I live in CA also. More likely wont tow anything. I also live in the city, but like the commercial will need a larger vehicle soon to make room for more kids.
MPG/ PRICE says 2.0T.........But I realllllly want to VR6 (because fan boy)

TLDR: Will a 2.0T (if tuneable, im guessing its a TSI) provide me satisfaction? I already have a K04 mk5 jetta and a TSI Tiguan that is getting replaced with the ATLAS.


----------



## ATC98092 (Feb 22, 2006)

I doubt the 2.0 is identical to the Audi version, as Audi installs the engine longitudinally, while the VW is transverse. I believe the Audi is higher HP rated as well. The VW will only require regular gas, while the Audi will likely "recommend" premium. While VW hasn't released the EPA economy ratings for the 2.0 yet, I would imagine that it will do better than you list, although not by much. I wouldn't be surprised to see Highway up around 28-29. I base this on my current 2012 Audi Q5 2.0T. Not the same engine by a long shot, but I do have an 8 speed auto, and my older Q5 likely weighs close to the Atlas 2.0T. I can pull 26-27 on a straight freeway cruise, so I would expect the newer engine to do a little better.
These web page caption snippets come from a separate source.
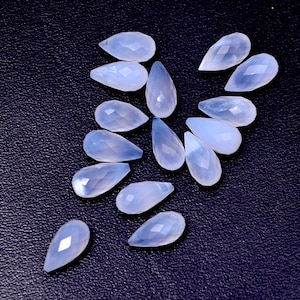 Puede incluir: Un conjunto de gemas en forma de l&aacute;grima de color azul claro, con superficies facetadas. Las gemas est&aacute;n dispuestas sobre un fondo oscuro y texturizado, mostrando su calidad transl&uacute;cida y sutiles variaciones de color. Ideal para la fabricaci&oacute;n de joyas o manualidades.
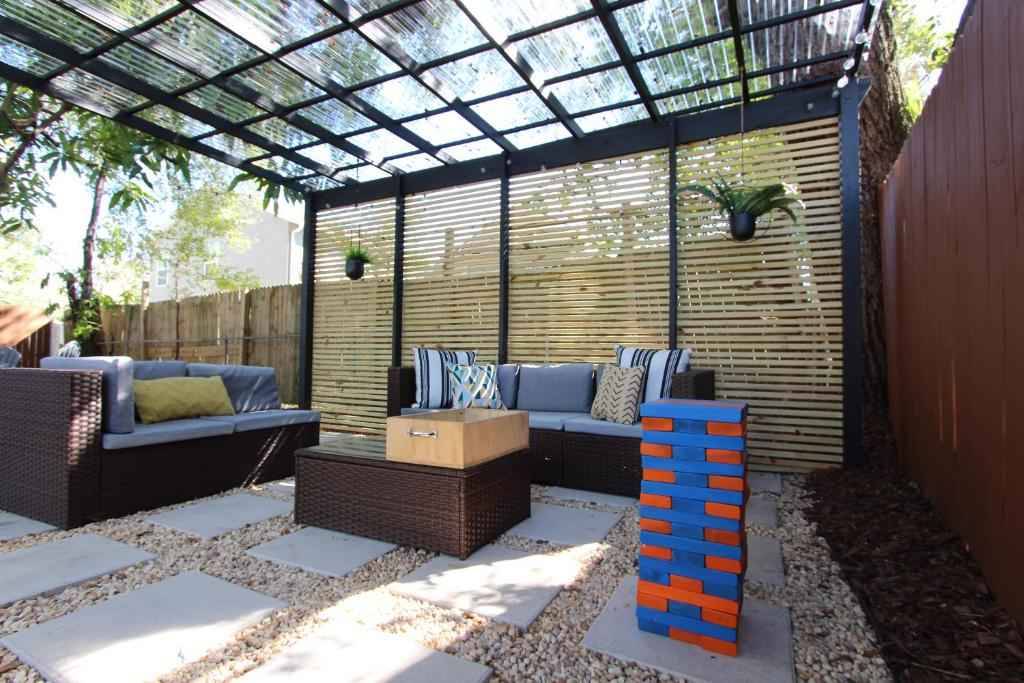 Modern Outdoor Pergola Seating Design with Polycarbonate Roof – Contemporary Landscape Design in Chennai image 2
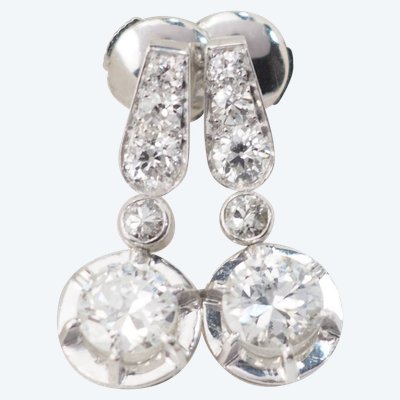 Pair of antique sleeper earrings in white gold and diamonds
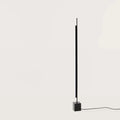 Vertical LED bar floor lamp with black marble cube base, on a black marble cube, against a plain wall, second view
I'm going by memory with some of this, so I could be off base. I do think you'll be just fine in So Cal with FWD. I had a Tiguan AWD several years ago, and it was fabulous with the rare snow we get here in Seattle. I'll probably stick with AWD with my next purchase, even though it really isn't all that necessary for me. The Tiguan and my current Q5 are the only AWD cars I've ever had, and I've never been stopped by inclement weather. Most likely I'm going to wait for the new Tiguan, as I don't really need the size of the Atlas. But who knows? we might take one look at it in the flesh and love it.


----------



## ATC98092 (Feb 22, 2006)

I just looked up the weight of my older Q5, and it's around 4100lbs. With the 2.0 and 8 speed auto, I have averaged a little over 20 MPG since I bought it last September. Knock a little off for the hill I live on, which impacts my overall MPG, and that the last month or so has been very little highway driving. I expect mine would be closer to 22 average. Since the Atlas 2.0 is a newer, more efficient version, along with the other improvements since 2012, I would think the Atlas will make you 22 city without too much effort, and perhaps more. I would expect closer to 28-29 highway.


----------



## jspirate (Jan 15, 2011)

ATC98092 said:


> I just looked up the weight of my older Q5, and it's around 4100lbs. With the 2.0 and 8 speed auto, I have averaged a little over 20 MPG since I bought it last September. Knock a little off for the hill I live on, which impacts my overall MPG, and that the last month or so has been very little highway driving. I expect mine would be closer to 22 average. Since the Atlas 2.0 is a newer, more efficient version, along with the other improvements since 2012, I would think the Atlas will make you 22 city without too much effort, and perhaps more. I would expect closer to 28-29 highway.


You probably come down the hill just as many times as you go up it?


----------



## edyvw (May 1, 2009)

ATC98092 said:


> I just looked up the weight of my older Q5, and it's around 4100lbs. With the 2.0 and 8 speed auto, I have averaged a little over 20 MPG since I bought it last September. Knock a little off for the hill I live on, which impacts my overall MPG, and that the last month or so has been very little highway driving. I expect mine would be closer to 22 average. Since the Atlas 2.0 is a newer, more efficient version, along with the other improvements since 2012, I would think the Atlas will make you 22 city without too much effort, and perhaps more. I would expect closer to 28-29 highway.


Take into consideration that Audi has ZF transmission and Atlas Aisin.


----------